# ? for those using reusable pee pads



## Maidto2Maltese (Oct 19, 2004)

I'm still using the disposable but stocking up on the reusable for Quincy. I was wondering how many pads those of you who use the reuseable keep on hand for 1 pooch. ( do you wash daily or bi weekly etc. ? as I guess this would affect the number of pads you keep on hand. )

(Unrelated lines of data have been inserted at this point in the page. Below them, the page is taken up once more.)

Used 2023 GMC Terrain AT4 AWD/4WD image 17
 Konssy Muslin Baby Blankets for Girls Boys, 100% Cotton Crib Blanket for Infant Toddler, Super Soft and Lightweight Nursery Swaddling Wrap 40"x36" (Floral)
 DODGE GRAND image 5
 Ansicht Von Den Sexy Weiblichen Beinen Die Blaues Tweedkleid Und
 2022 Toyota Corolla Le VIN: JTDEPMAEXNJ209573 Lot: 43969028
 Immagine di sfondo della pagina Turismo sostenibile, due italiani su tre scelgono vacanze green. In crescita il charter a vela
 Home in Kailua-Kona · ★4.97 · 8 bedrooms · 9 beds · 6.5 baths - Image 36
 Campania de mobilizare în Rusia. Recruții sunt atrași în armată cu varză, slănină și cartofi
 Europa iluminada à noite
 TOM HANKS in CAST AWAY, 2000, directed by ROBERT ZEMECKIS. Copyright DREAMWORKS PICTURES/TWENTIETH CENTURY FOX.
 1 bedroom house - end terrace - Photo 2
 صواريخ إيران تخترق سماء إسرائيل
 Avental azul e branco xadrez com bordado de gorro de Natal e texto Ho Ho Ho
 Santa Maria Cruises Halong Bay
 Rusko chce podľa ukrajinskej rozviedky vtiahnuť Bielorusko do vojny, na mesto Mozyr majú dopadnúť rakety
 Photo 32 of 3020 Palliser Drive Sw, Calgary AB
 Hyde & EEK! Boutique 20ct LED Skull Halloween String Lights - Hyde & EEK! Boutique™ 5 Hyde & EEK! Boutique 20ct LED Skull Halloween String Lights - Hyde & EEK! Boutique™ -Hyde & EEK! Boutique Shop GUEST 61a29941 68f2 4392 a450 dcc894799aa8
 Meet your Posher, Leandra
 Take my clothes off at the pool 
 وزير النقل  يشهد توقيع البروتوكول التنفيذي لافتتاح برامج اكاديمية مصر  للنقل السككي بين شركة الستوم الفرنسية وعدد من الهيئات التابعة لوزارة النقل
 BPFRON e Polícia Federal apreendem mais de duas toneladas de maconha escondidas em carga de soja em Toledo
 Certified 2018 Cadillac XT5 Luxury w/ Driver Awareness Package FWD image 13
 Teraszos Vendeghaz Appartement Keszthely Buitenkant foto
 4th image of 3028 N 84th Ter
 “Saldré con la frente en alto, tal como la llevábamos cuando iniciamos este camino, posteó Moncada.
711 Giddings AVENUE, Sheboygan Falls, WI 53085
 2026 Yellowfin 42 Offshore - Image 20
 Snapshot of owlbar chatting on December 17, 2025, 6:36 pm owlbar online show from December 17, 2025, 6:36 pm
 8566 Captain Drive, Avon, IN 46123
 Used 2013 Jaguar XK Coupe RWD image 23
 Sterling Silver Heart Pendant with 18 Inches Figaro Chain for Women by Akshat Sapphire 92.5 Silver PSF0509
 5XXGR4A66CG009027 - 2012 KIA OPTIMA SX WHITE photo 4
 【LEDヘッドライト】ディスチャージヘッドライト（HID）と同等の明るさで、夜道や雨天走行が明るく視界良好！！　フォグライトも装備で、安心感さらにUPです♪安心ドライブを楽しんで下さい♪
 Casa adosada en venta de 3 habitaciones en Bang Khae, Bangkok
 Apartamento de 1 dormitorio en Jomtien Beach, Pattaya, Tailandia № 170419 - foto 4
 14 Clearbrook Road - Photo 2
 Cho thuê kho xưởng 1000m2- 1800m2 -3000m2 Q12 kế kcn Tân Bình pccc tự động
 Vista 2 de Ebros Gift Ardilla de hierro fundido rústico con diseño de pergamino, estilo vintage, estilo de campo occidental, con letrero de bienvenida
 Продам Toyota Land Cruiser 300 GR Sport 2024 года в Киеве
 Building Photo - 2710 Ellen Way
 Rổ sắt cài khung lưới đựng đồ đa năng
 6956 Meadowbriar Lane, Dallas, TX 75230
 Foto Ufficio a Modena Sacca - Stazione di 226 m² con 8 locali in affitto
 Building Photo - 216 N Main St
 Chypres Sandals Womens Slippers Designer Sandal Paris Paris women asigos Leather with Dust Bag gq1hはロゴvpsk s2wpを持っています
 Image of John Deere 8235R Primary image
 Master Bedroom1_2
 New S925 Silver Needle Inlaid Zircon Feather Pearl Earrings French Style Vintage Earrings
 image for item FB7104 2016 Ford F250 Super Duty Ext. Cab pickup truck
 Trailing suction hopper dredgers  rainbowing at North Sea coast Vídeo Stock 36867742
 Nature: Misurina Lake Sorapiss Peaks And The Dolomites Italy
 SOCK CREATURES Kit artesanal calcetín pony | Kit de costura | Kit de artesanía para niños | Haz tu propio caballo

How long do the pads last? 

Also wondered if there was any problem in doing the switch from the disposables to the reuseable?


----------



## edelweiss (Apr 23, 2010)

I put a disposable over the reusable and that way if Kitzi misses we are still covered! But I don't think that answers your question.
I think if you put the disposable on top for a week or so that the transfer would be easier.


----------



## Furbabies mom (Jul 25, 2011)

Good question.. I am planning to buy a few to see how mine do with the reusable ones. I' m using disposable ones now for my three and I buy a box of 100 every two weeks!! Even though it's expensive I figure if they go out in all weather I'd be bathing them more, using doggie wipes more often, wiping up the floor more often and it's better all the way around to use them. My other fluffs never did use pee pads, they always went outside.My trash men probably hate me though. Not only do I have a ton of pee pads in the trash , I also have a ton of baby diapers as well!


----------



## Summergirl73 (Sep 18, 2011)

Didn't know if you considered this, but the UgoDog is really incredible. We actually use that instead of pads and it is great for clean paws, easy clean up and no pad washing.


----------



## pammy4501 (Aug 8, 2007)

I bought a dozen of the larger sized pads. I think they are 24x36. I have two dogs. I wash once a week usually. I love the re-usable pads.


----------



## allheart (Oct 3, 2008)

I love my washable pads. I do have 3 babies. I place 4 clean ones down, and do wash them fairly often. I have a stock pile of them, as I have bought them through the years. I just LOVE them.


----------



## LJSquishy (Feb 27, 2008)

I don't use potty pads but I did look into the reusable ones at one point before I got Preston and I decided that 12 would be a good number to have. You could launder them once per week, and a few days a week put a new one down if one day the pad was "extra used". If you wanted a pad in more than one location, I would invest in even more, probably 14 or so unless you wanted to launder them twice per week.


----------